(Action item): Give the records again. Keep them exact and leave out the images.

(Given data):
---

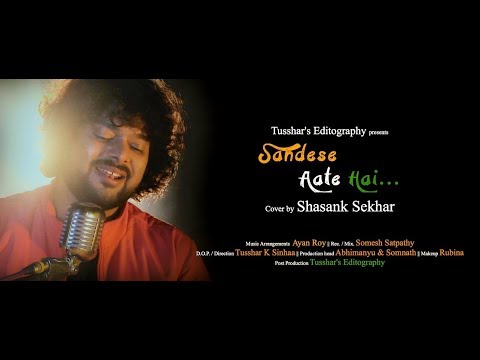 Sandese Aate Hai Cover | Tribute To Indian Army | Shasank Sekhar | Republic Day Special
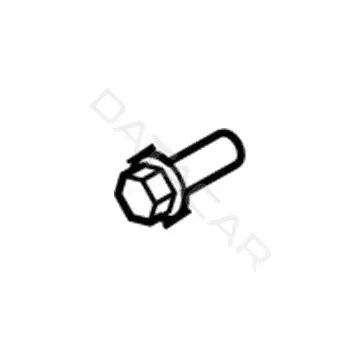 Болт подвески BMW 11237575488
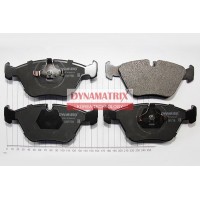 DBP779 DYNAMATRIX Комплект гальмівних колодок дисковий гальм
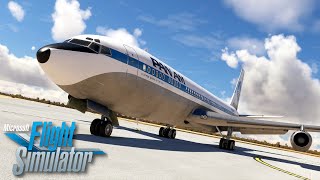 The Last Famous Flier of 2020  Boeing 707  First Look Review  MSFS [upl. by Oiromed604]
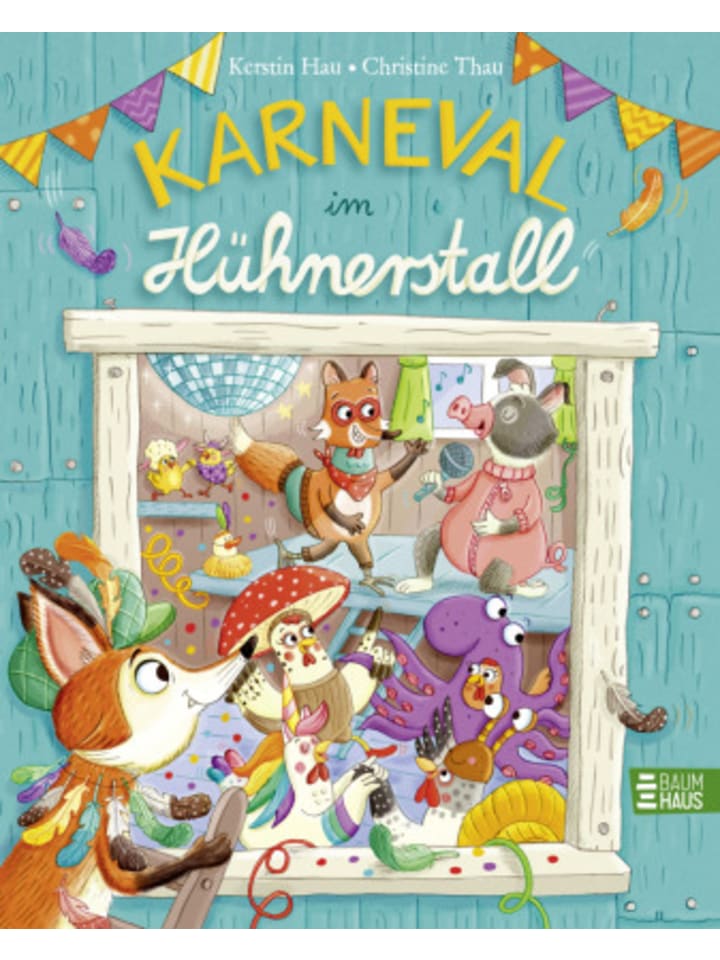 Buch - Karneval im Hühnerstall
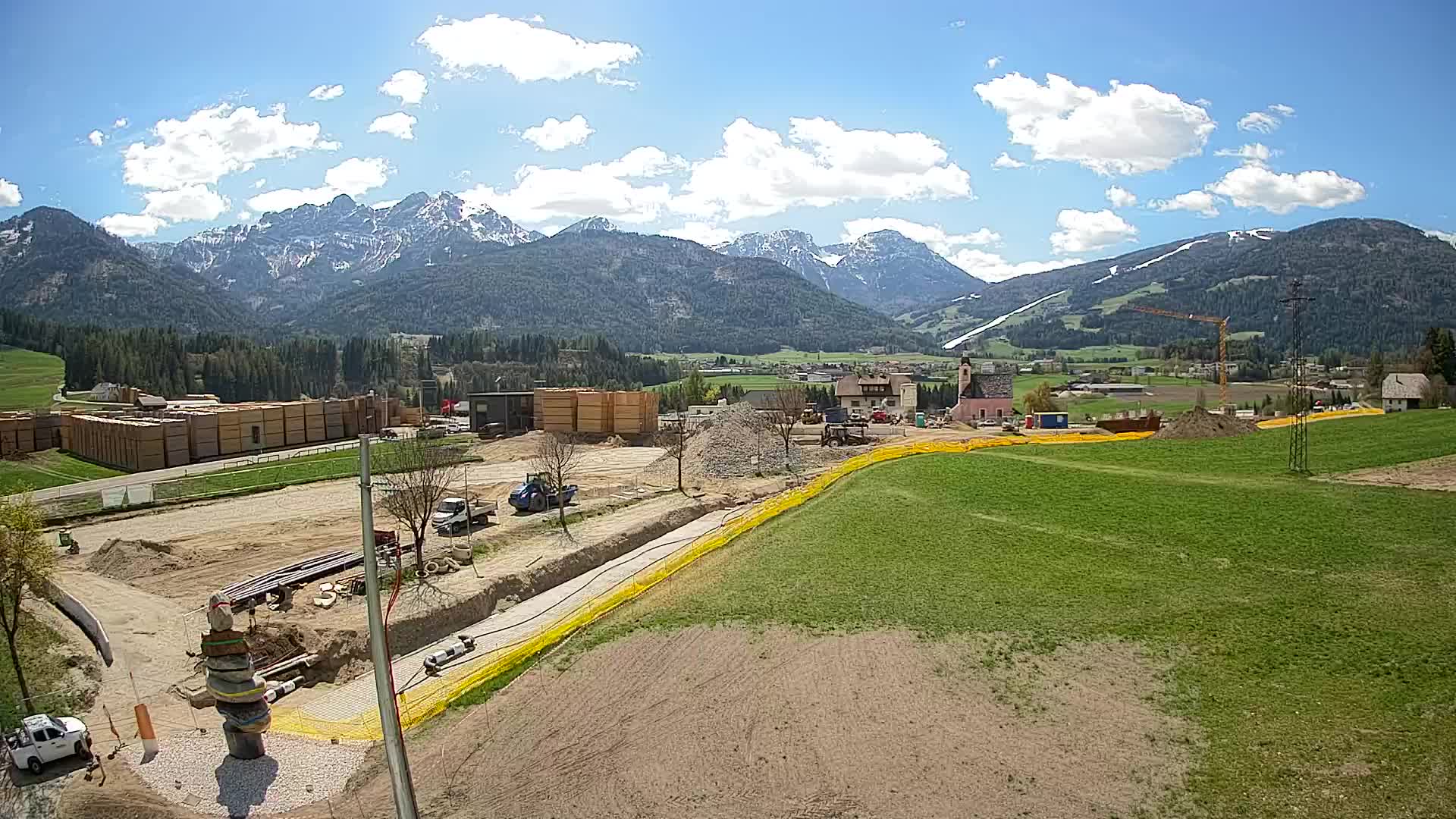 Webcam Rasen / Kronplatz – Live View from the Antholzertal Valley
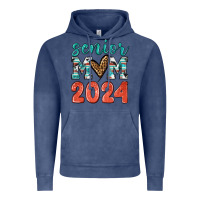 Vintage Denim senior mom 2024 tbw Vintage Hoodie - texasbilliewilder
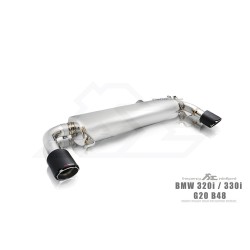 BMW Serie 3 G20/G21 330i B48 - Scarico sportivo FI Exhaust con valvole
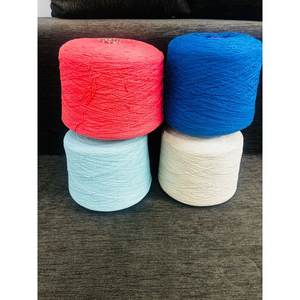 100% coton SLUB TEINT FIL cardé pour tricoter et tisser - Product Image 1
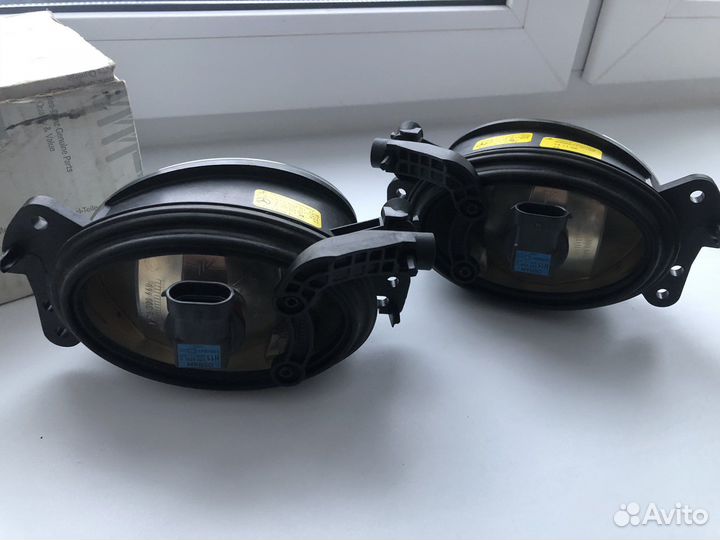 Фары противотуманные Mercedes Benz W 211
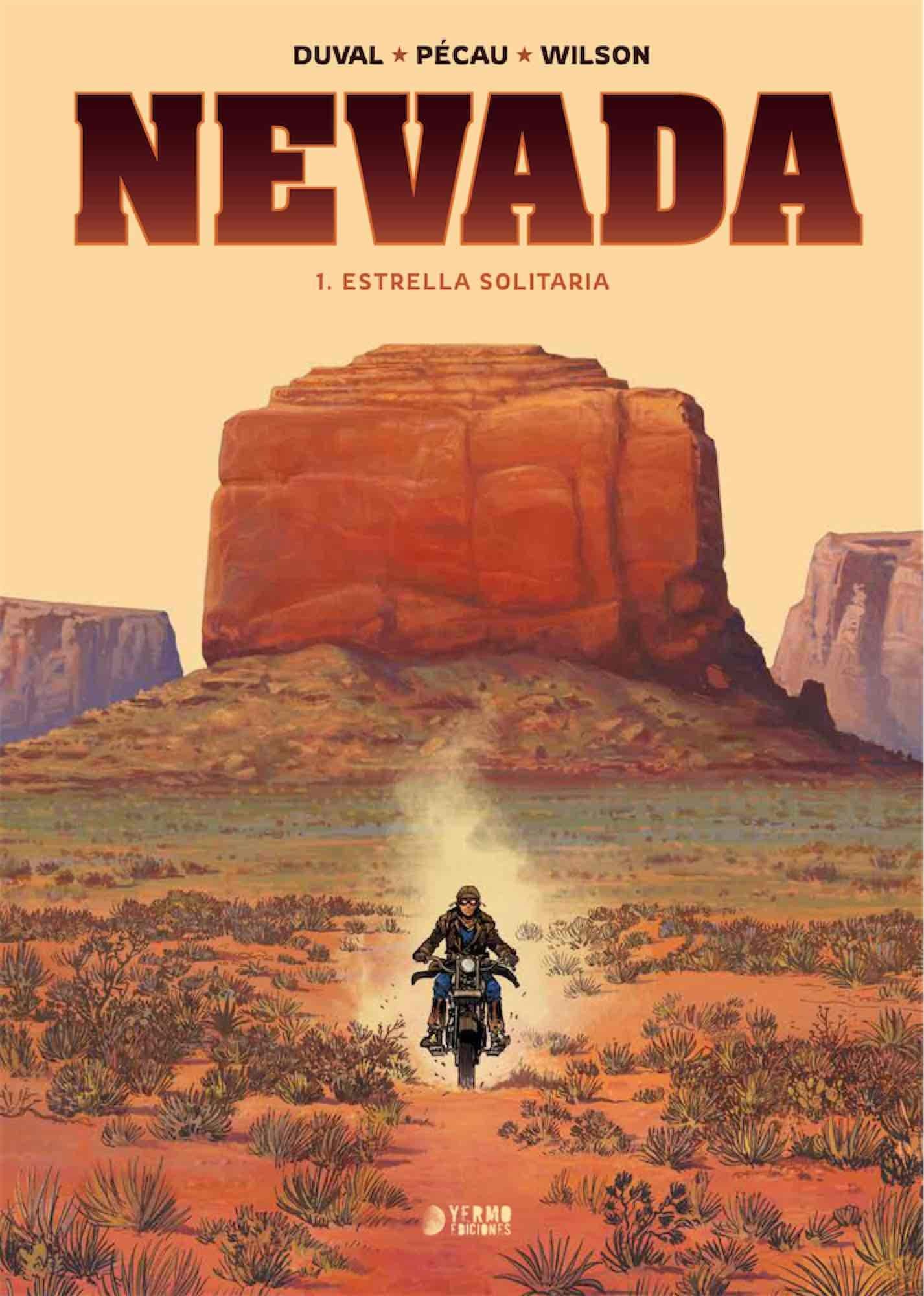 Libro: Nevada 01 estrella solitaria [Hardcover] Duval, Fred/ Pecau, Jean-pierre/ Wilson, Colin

---

(Finished exercise):
 Sandese Aate Hai Cover | Tribute To Indian Army | Shasank Sekhar | Republic Day Special
 Болт подвески BMW 11237575488
 DBP779 DYNAMATRIX Комплект гальмівних колодок дисковий гальм
 The Last Famous Flier of 2020  Boeing 707  First Look Review  MSFS [upl. by Oiromed604]
 Buch - Karneval im Hühnerstall
 Webcam Rasen / Kronplatz – Live View from the Antholzertal Valley
 Vintage Denim senior mom 2024 tbw Vintage Hoodie - texasbilliewilder
 BMW Serie 3 G20/G21 330i B48 - Scarico sportivo FI Exhaust con valvole
 100% coton SLUB TEINT FIL cardé pour tricoter et tisser - Product Image 1
 Фары противотуманные Mercedes Benz W 211
 Libro: Nevada 01 estrella solitaria [Hardcover] Duval, Fred/ Pecau, Jean-pierre/ Wilson, Colin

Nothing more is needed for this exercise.